I added the "Diva of Disgruntled" tagline to my blog many months ago. I was discussing my problems with Kaiser with a friend, and I was miserable because people who try to complain about what corporations have done to them are always labeled "disgruntled". I finally decided that instead of letting people who didn't understand the situation label me, I would just own the label myself. If disgruntled means unhappy with what has occured, I can't deny being disgruntled.

When the current problems started, I could have easily edited my blog - removed the Diva of Disgruntled tagline, and edited out everything I've done that might give a bad impression. However, if I started trying to hide and destroy the evidence, that would make me guilty of the same things I have accused Kaiser of.

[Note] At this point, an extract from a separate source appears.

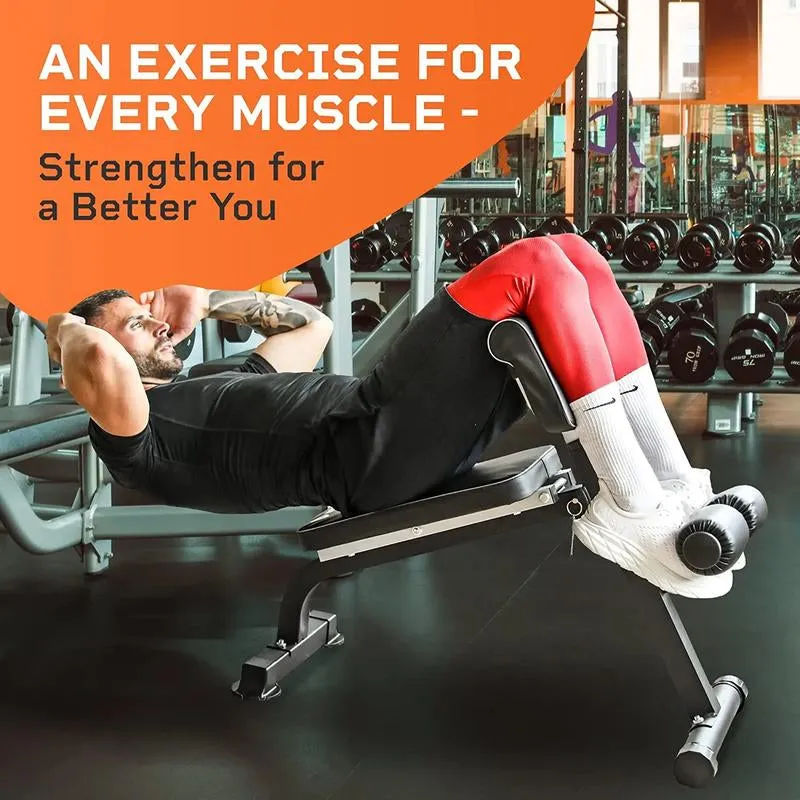 Chair: & Glute Core Lifepro Extension Hamstrings Refund policy and Roman Workouts Bench Versatile for Adjustable Back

So instead, I've left everything as is, and I just have to hope that people will look at the timeline carefully and will ask me questions if they are confused by anything.

I will say that the press has not shown a willingness to make retractions when they get something factually wrong, and that Kaiser has a vested interest in trying to confuse people so I will look more like someone who was disgruntled at the point when I lost my job - they are hoping people will just assume I stole patient data because as long as people are focused on me, it deflects attention from what Kaiser did.

One thing that has confused me here is that Kaiser has continued to push their story despite the fact their lawyers have seen my evidence. As an
"Employer's lawyer", I'm curious as to whether lawyers have a duty to instruct their clients not to use their PR dept. to promulgate a lie once the facts are on the table.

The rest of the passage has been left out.